MS in Agriculture - Food Science and Nutrition

Department/Program

Food Science and Nutrition

College

College of Agriculture, Food, and Environmental Sciences

Advisor

Luis Castro

Advisor Department

Food Science and Nutrition

Advisor College

College of Agriculture, Food, and Environmental Sciences

Abstract

The purpose of this study was to analyze the effects of maceration and pectinase enzymes on the base chemical, polyphenolic, and volatile characteristics of cider. The apples (Fuji) were milled and macerated for 0, 4, 12, 24, or 36 hours, both with and without an enzymatic pectinase addition. While base chemical characteristics such as sugar content and ABV were unaffected, the acidity of cider was influenced maceration and enzymes. Extended maceration time resulted in lower concentrations of malic acid, and enzymes resulted in a lower pH compared to the control.

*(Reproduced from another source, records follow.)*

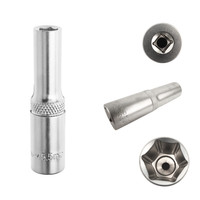 "Stecknuss Sechskant 1/4\" 5 Mm 50 Mm Aus Chrom-Vanadium-Stahl"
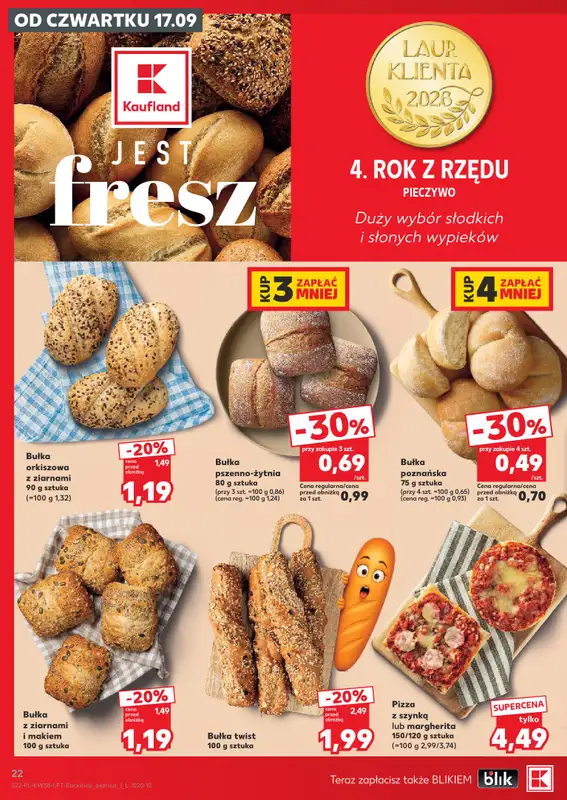 Kaufland - gazetka promocyjna Oferta Tygodnia od czwartku 17.09 do środy 23.09 - strona 22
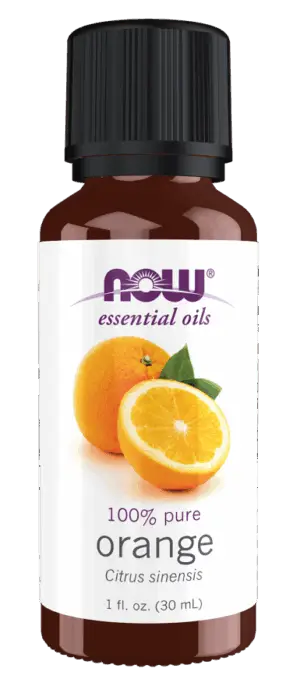 orange essential oil front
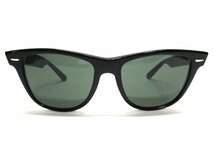 未使用に近い 70's “芯なし”B&L RayBan WAYFARERⅡ/G-15 ボシュロム レイバン ウェイファーラー2/サングラス/USA/アメリカ/米国製_画像2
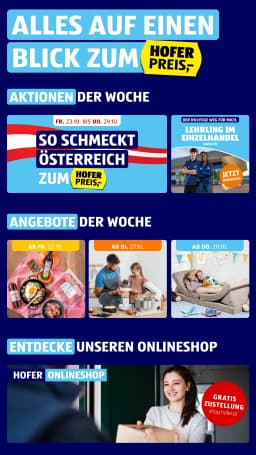 Seite 2 des Hofer Prospekts Aktuelle Angebote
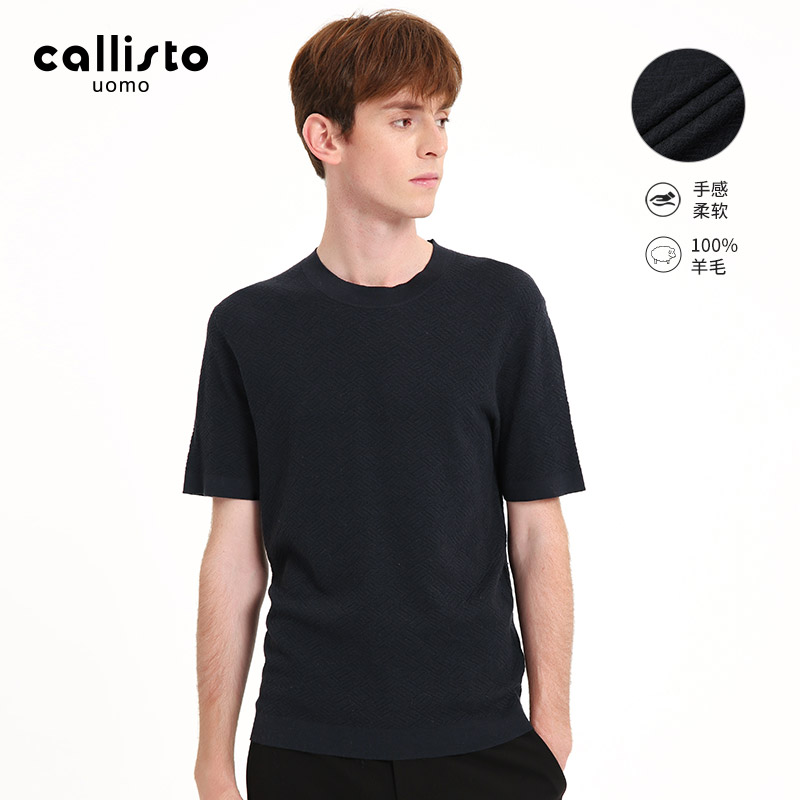 100%羊毛短袖针织衫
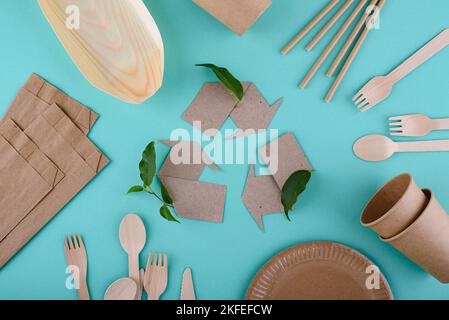 Reusable eco friendly sustainable food packagind Stock Photo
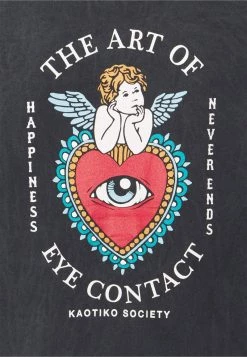 Kaotiko UNISEX CREW TIE DYE EYES TALK - Sweatshirt - Black 12 Kaotiko UNISEX CREW TIE DYE EYES TALK - Sweatshirt - Black -Kaotikoire Magasin b1ff4767e13a41ea98528a8e04e82e3f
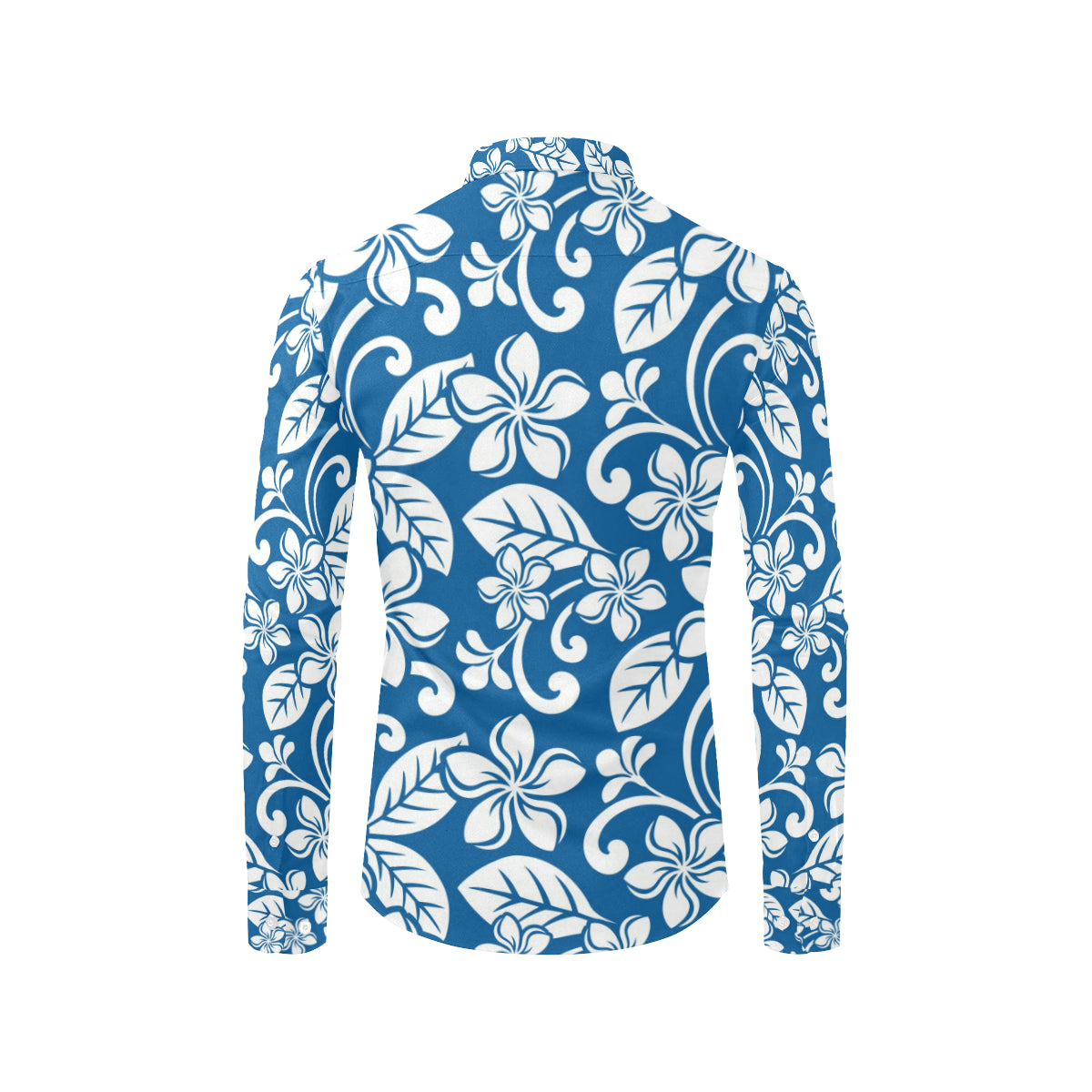 Plumeria Pattern Print Design PM013 Men's Long Sleeve Shirt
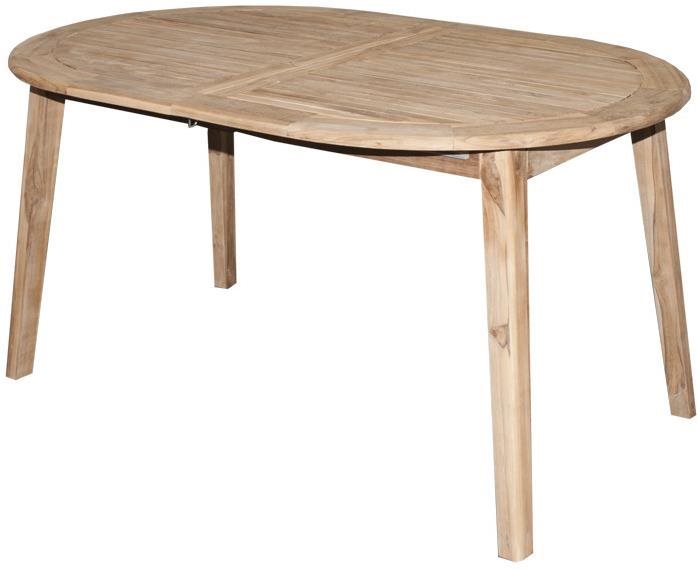 DOPPLER Stôl záhradný, rozkladací TECTONA 150/200 × 95 × 75 cm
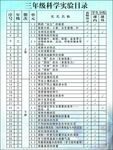 小学科学实验目录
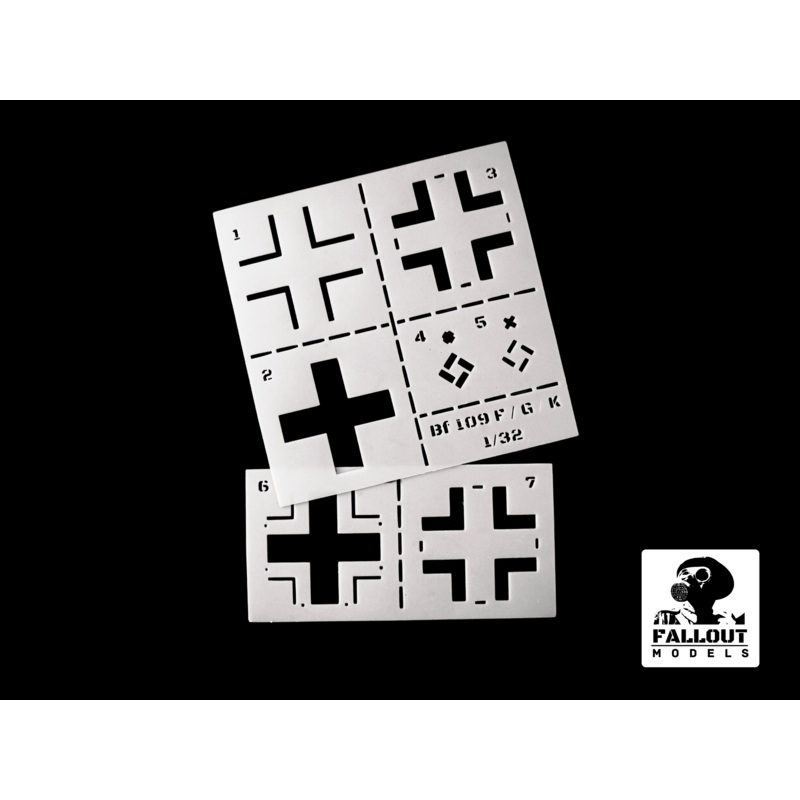 Fallout Models – 1/32 Balkenkreuz Stencils – BF109 F/G/K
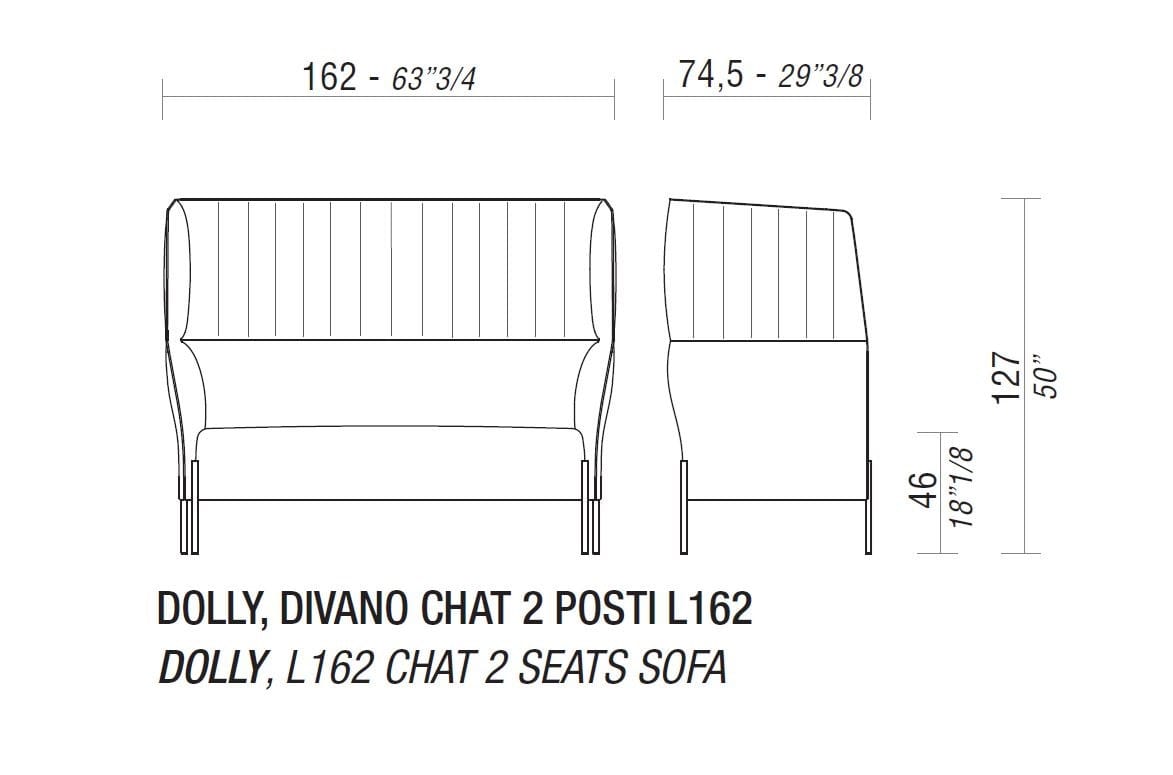 2-местный кожаный диван с высокой спинкой ESTEL GROUP Dolly ARCH-00061314 - Вид №19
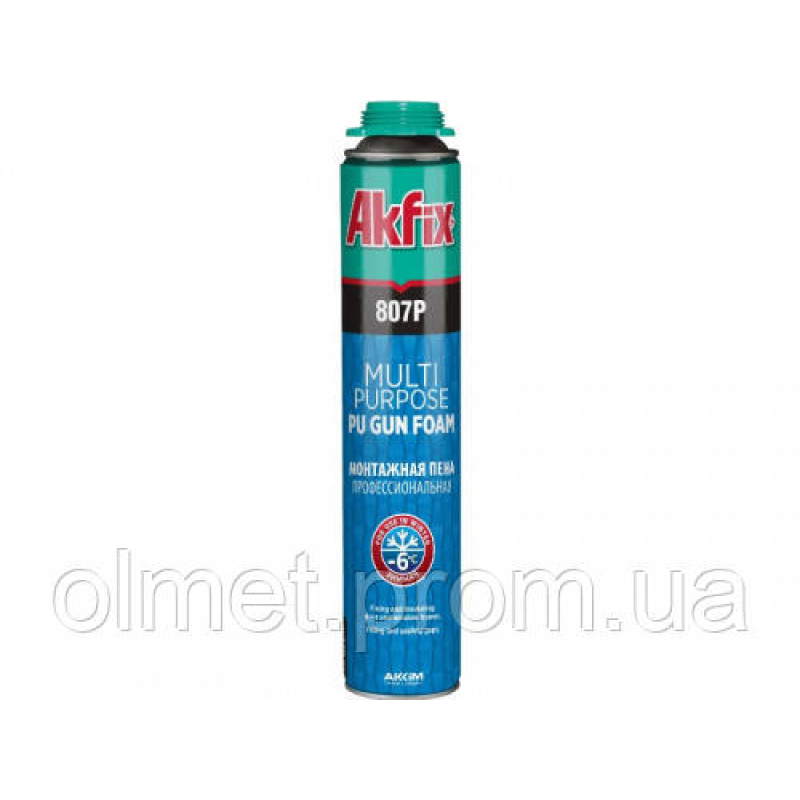 Піна професійна 807P (-6°) 750 мл (зимова) Akfix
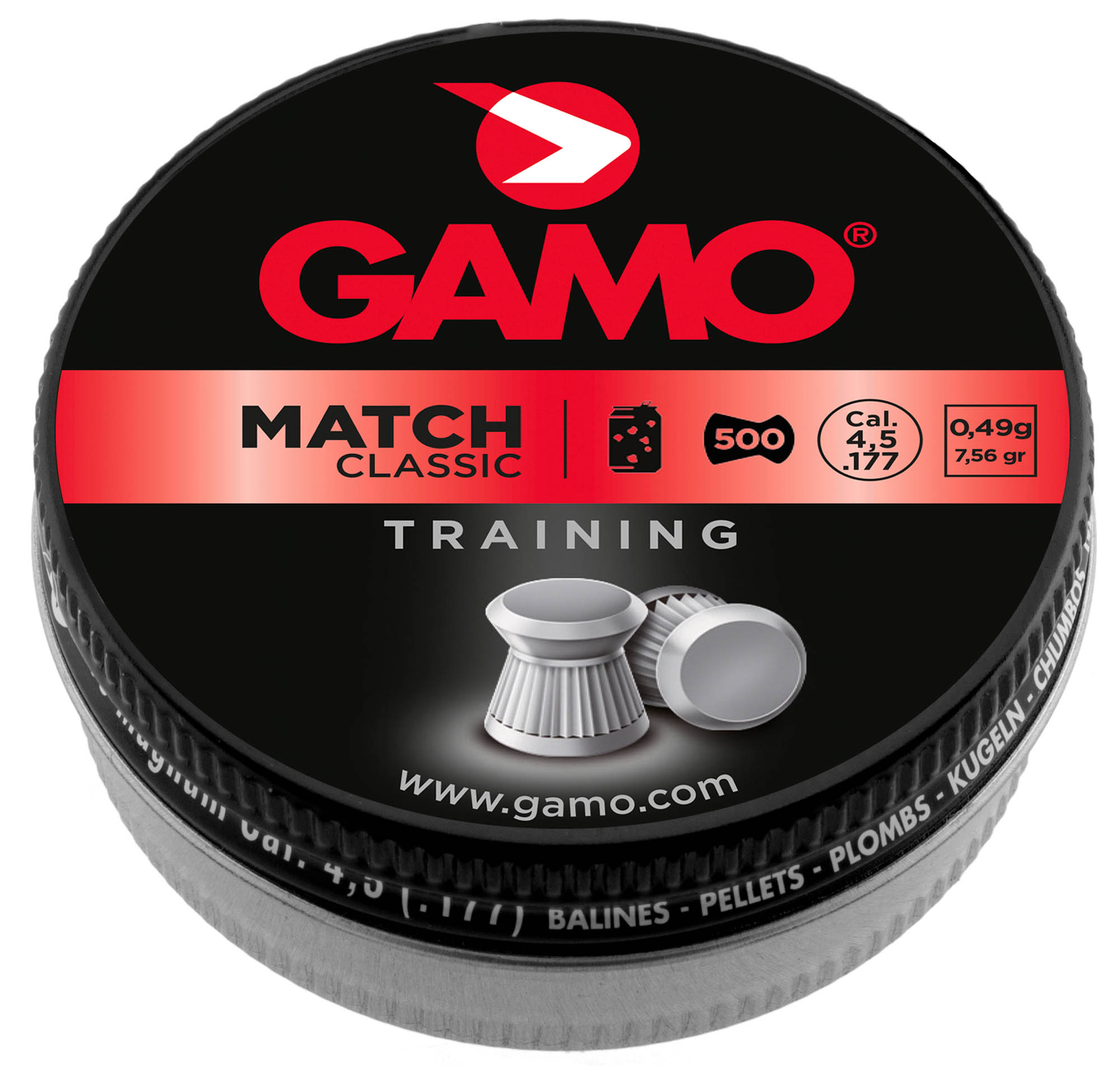 Plombs Gamo Match classic plat cal.4.5mm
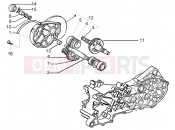 PIAGGIO Rear wheel shaft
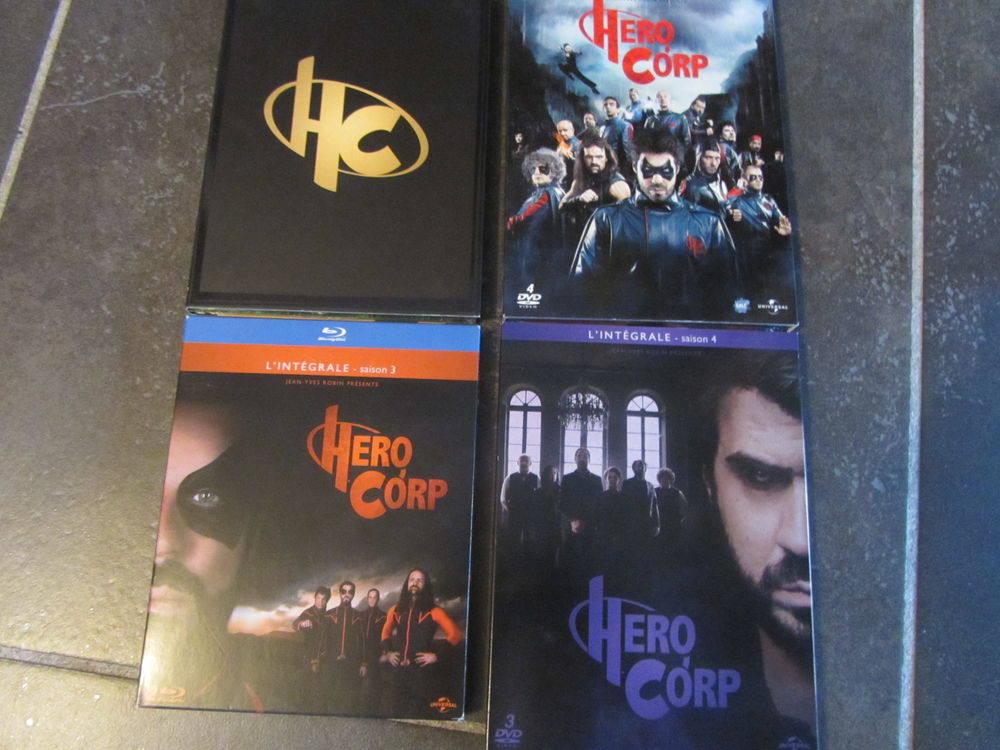 S&eacute;ries TV Alphas, R&eacute;volution, Hero Corp DVD et blu-ray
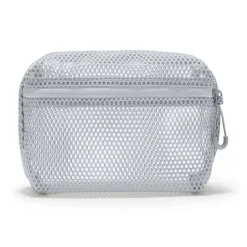 Hot Muji Pochette en maille polyester - Petit, Gris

Polyphenols were extracted during maceration time, resulting in higher concentrations of polyphenols in the treatments compared to the control. The antioxidant capacity of ciders also showed a significant increase after 36 hours of maceration time compared to the control. The effects of enzymes and maceration varied with individual flavonols as well as different volatile compounds. This result shows the potential of pre-fermentation processing methods such as maceration and enzyme addition to influence the properties of hard apple cider.